El de Zacarías (9: 9-10) decía: “¡Alégrate mucho, hija de Sión!. ¡Grita de júbilo, hija de Jerusalén!. Mira que tu Rey viene hacia ti; él es justo y victorioso, es humilde y está montado sobre un asno, sobre la cría de una asna. Él suprimirá los carros de Efraím y los caballos de Jerusalén, el arco de guerra será suprimido y proclamará la paz a las naciones. Su dominio se extenderá de un mar hasta el otro, y desde el Río hasta los confines de la tierra”.
Sí es rigurosamente cierto lo siguiente: su entrada a Jerusalén terminó causándole graves consecuencias. Se había metido en el territorio de su más enconado enemigo; estaba metido en la boca del lobo. A las pocas horas, Caifás intentó levantar a sus seguidores y mantenidos contra él.
Eso al final fue desestimado porque apresarlo a la vista del público sería un escándalo que le produciría a Jerusalén, en esos días rebosante de peregrinos, fuertes pérdidas económicas.
Otra idea, la de contratar sicarios para matarlo, también se descartó. Un crimen cometido a instancia de unos pocos podría recaer sobre los judíos en general.
Caifás y algún otro jerarca religioso finalmente llegaron a la conclusión de que no había necesidad de que fuesen ellos los encargados de suprimir al polémico predicador. Optaron por dejar que el trabajo de sacarlo del medio lo hicieran los romanos, quienes sí tenían los resortes legales para juzgarlo y condenarlo a muerte.

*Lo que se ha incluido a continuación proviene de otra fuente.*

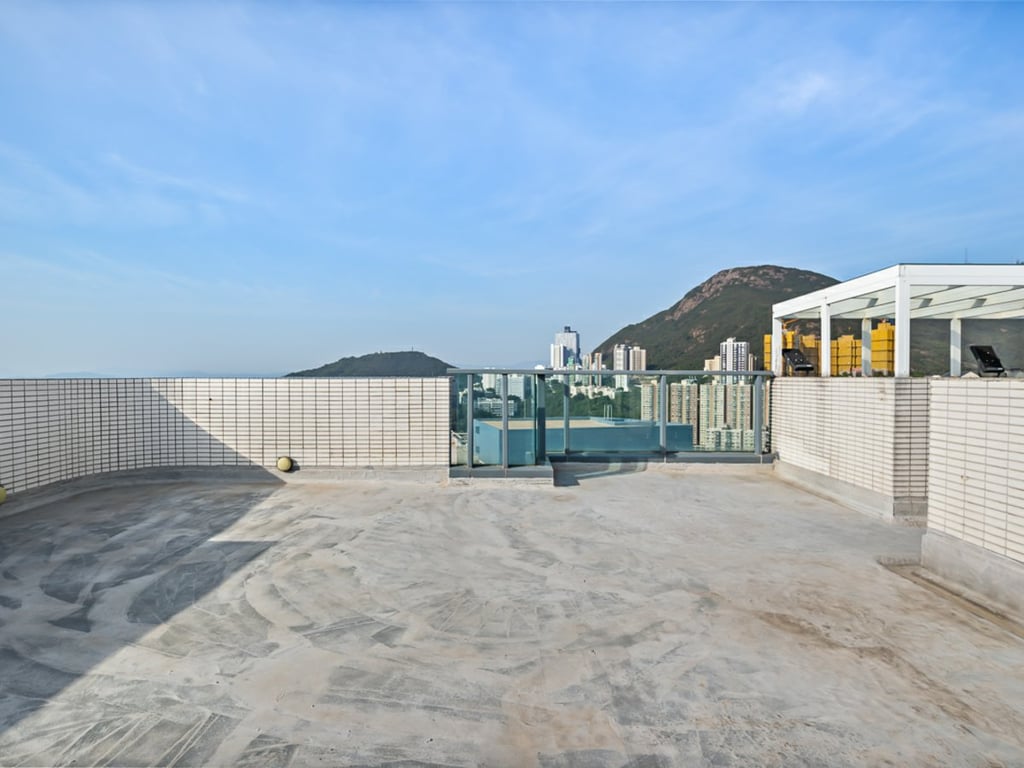 https://img.propertyraptor.com/cdn-cgi/imagedelivery/KD5bF_AFL0JDTbKLWF7z9g/ap8/ap8_001/hornet/prp/img/dcfbdeefa4f371b0aca948e0e122793b-wtm.jpg/public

Los oficiales romanos comisionados para apresarlo decidieron esperar un momento propicio para actuar. Un momento discreto, y lejos de toda mirada popular. Bien sabían que, si lo tomaban prisionero en medio de la multitud que siempre lo rodeaba, la misma podría reaccionar violentamente, habría que reprimir también violentamente, y habría muertos, heridos, y escándalo de indeseables consecuencias. De tales consecuencias, ni su enemigo Caifás ni los romanos querían responsabilizarse.
Optaron por esperar un momento propicio en que no estuviera rodeado de gente. Entre los discípulos de Jesús había uno que les avisaría cuál sería ese momento propicio.